Drop every image and restate the entries below word for word.

● ● ● ● ● ● ●

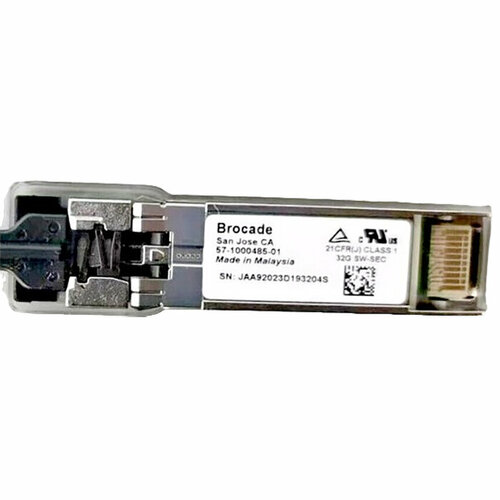 Трансивер Brocade 32G FC SWL SFP+, 1 pack, XBR-000412 57-1000485-01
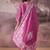 Floral Printed Regular Thread Work Pure Cotton Kurta With Trousers & Dupatta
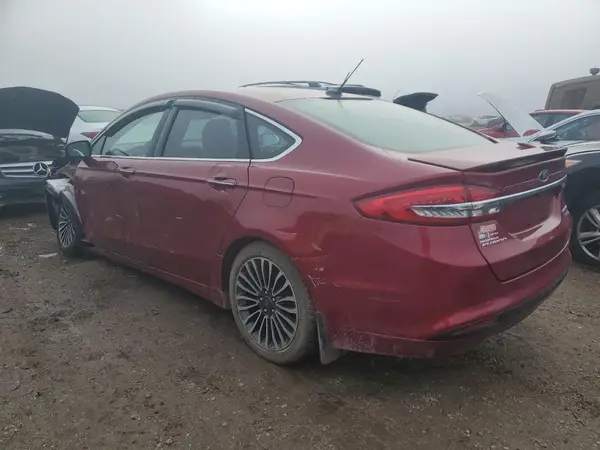 3FA6P0RUXJR245021 2018 FORD FUSION - Image 2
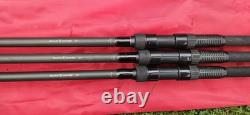 3x Diawa Back Widow G50 12ft 3.25lb Test Curve Carp Fishing Rods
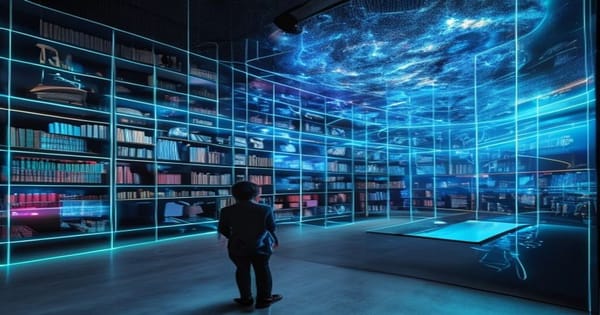 San Mateo Unveils Revolutionary AI Hologram Library: A Glimpse into the Future of Knowledge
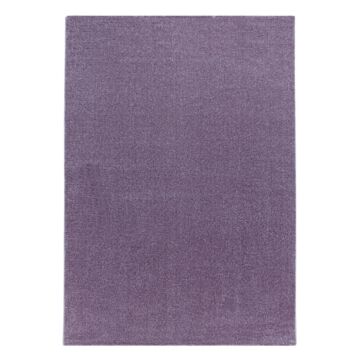 Rio One alfombra pelo largo corredor 80x250cm morado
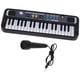 thumbnail image 3 of Música De 37 Teclas Teclado Electrónico Piano Digital Eléctrico Órgano Con Micrófono 3739, 3 of 5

● ● ● ● ● ● ●

▶ **Written solution**:
 Трансивер Brocade 32G FC SWL SFP+, 1 pack, XBR-000412 57-1000485-01
 Floral Printed Regular Thread Work Pure Cotton Kurta With Trousers & Dupatta
 3FA6P0RUXJR245021 2018 FORD FUSION - Image 2
 3x Diawa Back Widow G50 12ft 3.25lb Test Curve Carp Fishing Rods
 San Mateo Unveils Revolutionary AI Hologram Library: A Glimpse into the Future of Knowledge
 Rio One alfombra pelo largo corredor 80x250cm morado
 thumbnail image 3 of Música De 37 Teclas Teclado Electrónico Piano Digital Eléctrico Órgano Con Micrófono 3739, 3 of 5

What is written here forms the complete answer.